Atouts et contraintes d’un espace meurtri
L’auteur examine les traditionnels aspects de l’espace russe à la lumière du réchauffement climatique. Signataire de la Convention de Rio (1992), la Russie a tardé à ratifier celle de Kyoto (1997). C’est fait depuis 2004 même si son appareil industriel est peu adapté à une réduction des émissions de gaz à effet de serre. Les héritages écologiques de la période soviétique sont d’autant plus lourds à gérer que dirigeants et simples citoyens sont peu sensibilisés à la problématique du développement durable.
Peuplement et peuples de Russie
La crise démographique russe ne date pas de la Perestroïka et de l’éclatement de l’URSS. Elle est bien antérieure en raison de la faiblesse des moyens sanitaires et techniques mis à disposition des populations.
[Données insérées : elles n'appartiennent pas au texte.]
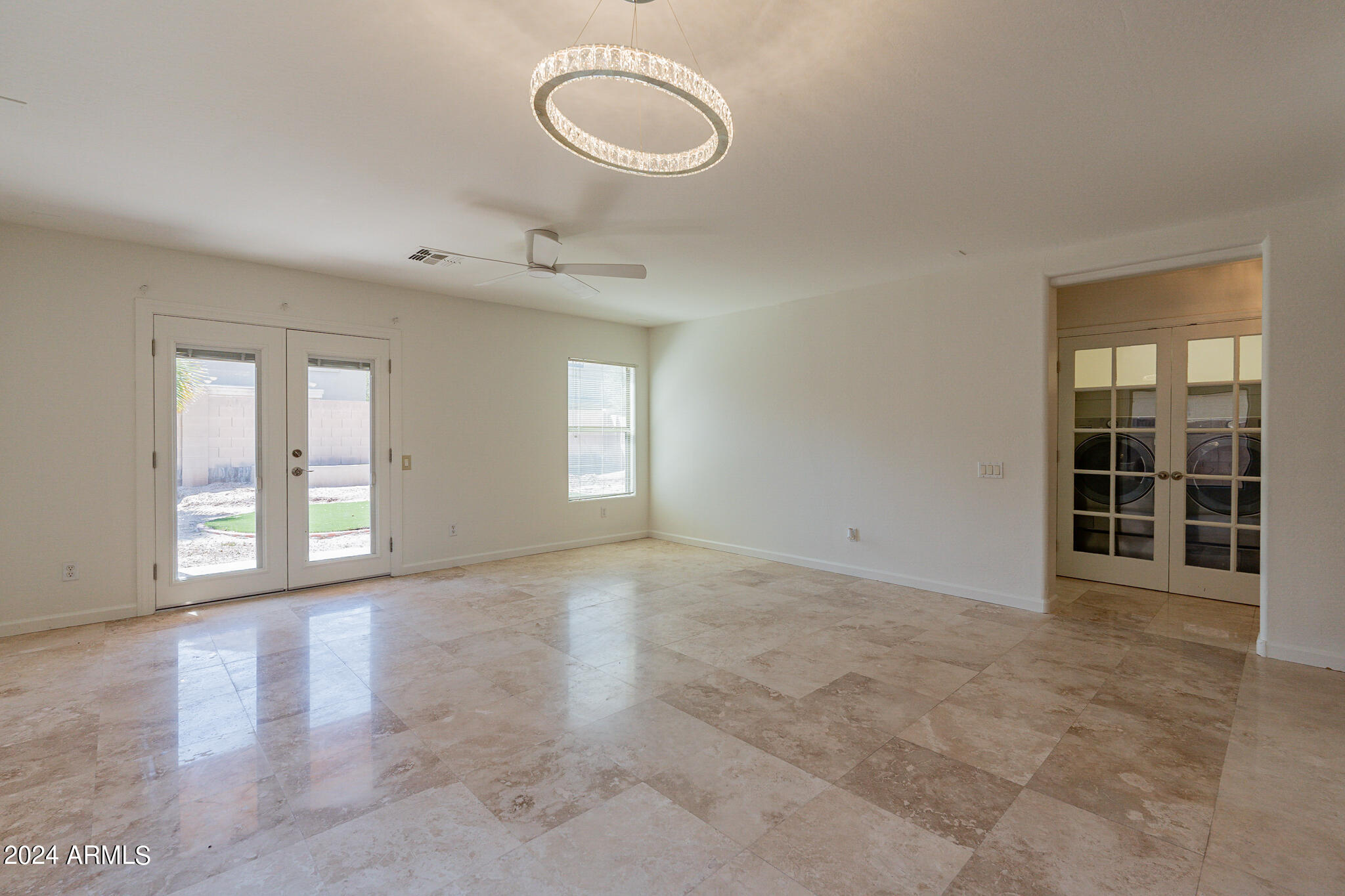 43289 W ELIZABETH Avenue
La baisse démographique est réelle malgré le retour des populations russes dans le giron russe et l’arrivée de clandestins venus de Chine, du Moyen Orient et d’Asie du SE. Les inégalités sociales, si elles sont criantes, ne doivent pas occulter l’apparition d’une classe moyenne nombreuse qui a su tirer son épingle du jeu depuis 1991.
L’expérimentation du modèle libéral en Russie
Après les balbutiements économiques et politiques de l’ère Eltsine, les 8 années des mandats Poutine amènent les observateurs internationaux à s’interroger sur la particularité du modèle libéral russe où l’Etat demeure omniprésent. Le système économique en place s’apparente à un système OPEP (contrôle des secteurs clés par l’Etat) et s’accompagne d’une grande méfiance vis-à-vis des IDE.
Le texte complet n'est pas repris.